What is expected
Apart from the images, output the data below exactly.

*** Data records Section Begins ***

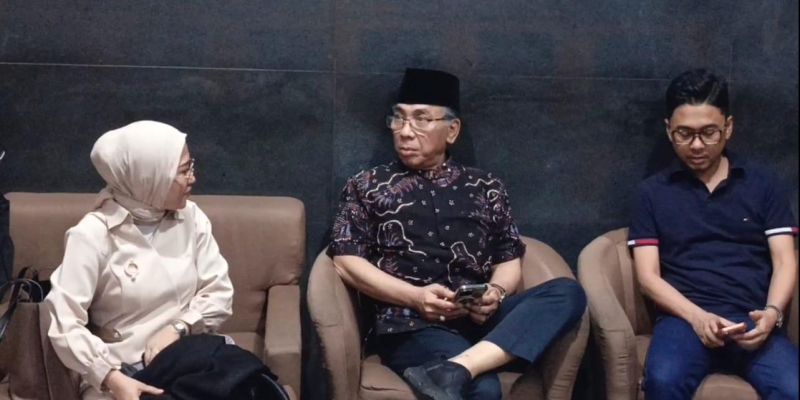 Mantan Ketum PBNU Gus Yahya Hadiri Sidang Gus Yaqut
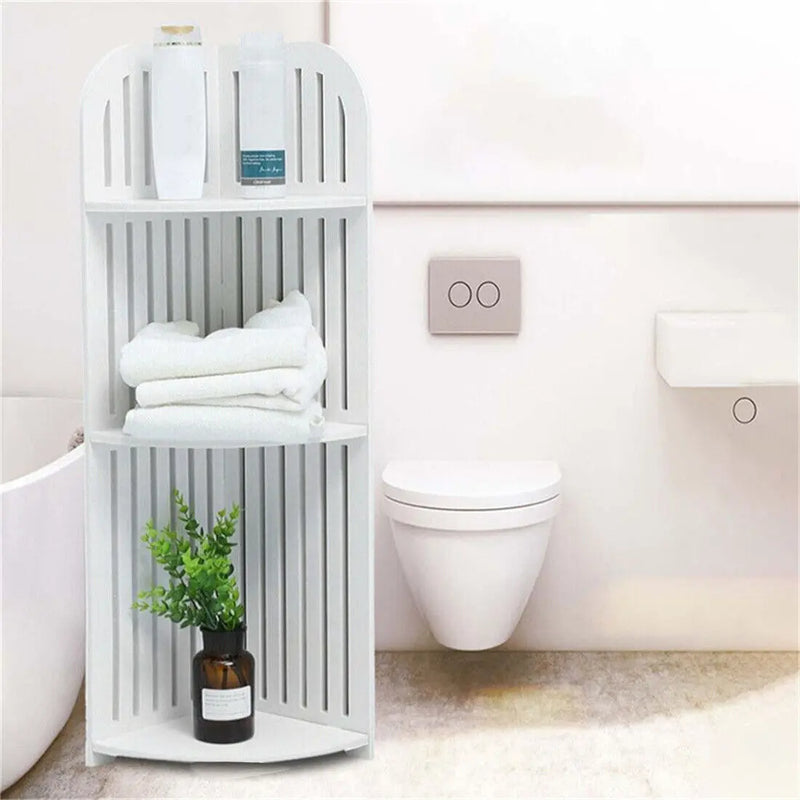 3 Tier Corner Bathroom Organiser Stand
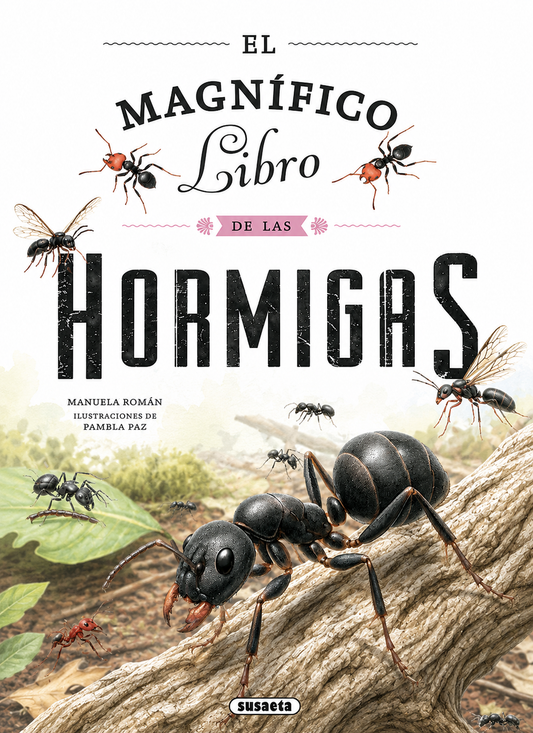 El magnífico libro de las hormigas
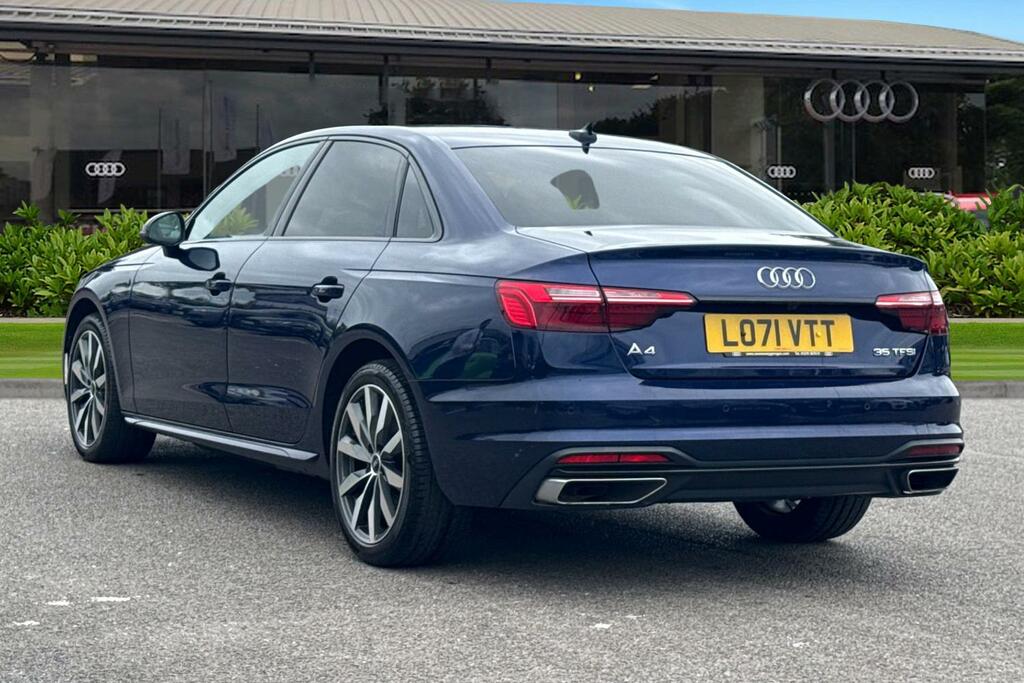 Audi A4 Sport Edition 35 Tfsi 150 Ps S Tronic LO71VTT Blue #2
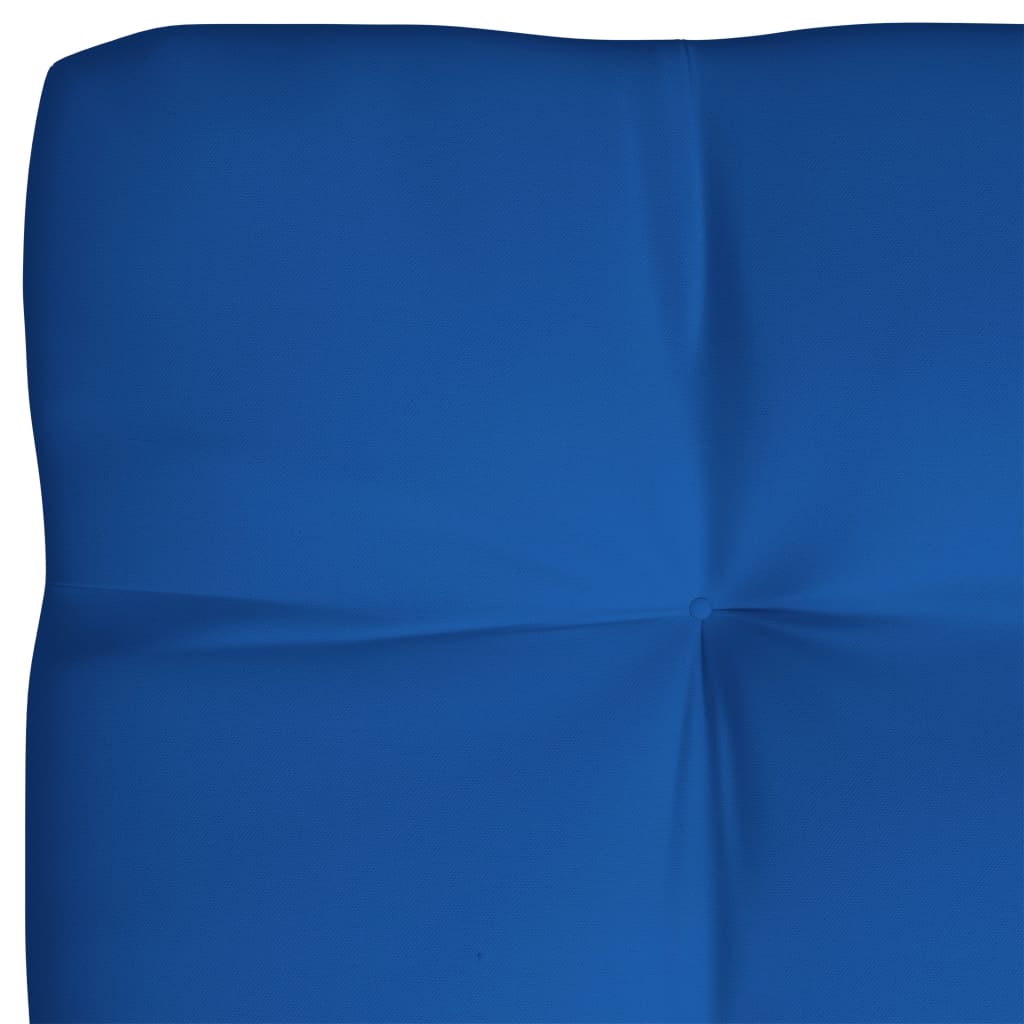 Palettensofa-Auflagen 5 Stk. Königsblau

*** Data records Section Ends ***

Answer to this task
 Mantan Ketum PBNU Gus Yahya Hadiri Sidang Gus Yaqut
 3 Tier Corner Bathroom Organiser Stand
 El magnífico libro de las hormigas
 Audi A4 Sport Edition 35 Tfsi 150 Ps S Tronic LO71VTT Blue #2
 Palettensofa-Auflagen 5 Stk. Königsblau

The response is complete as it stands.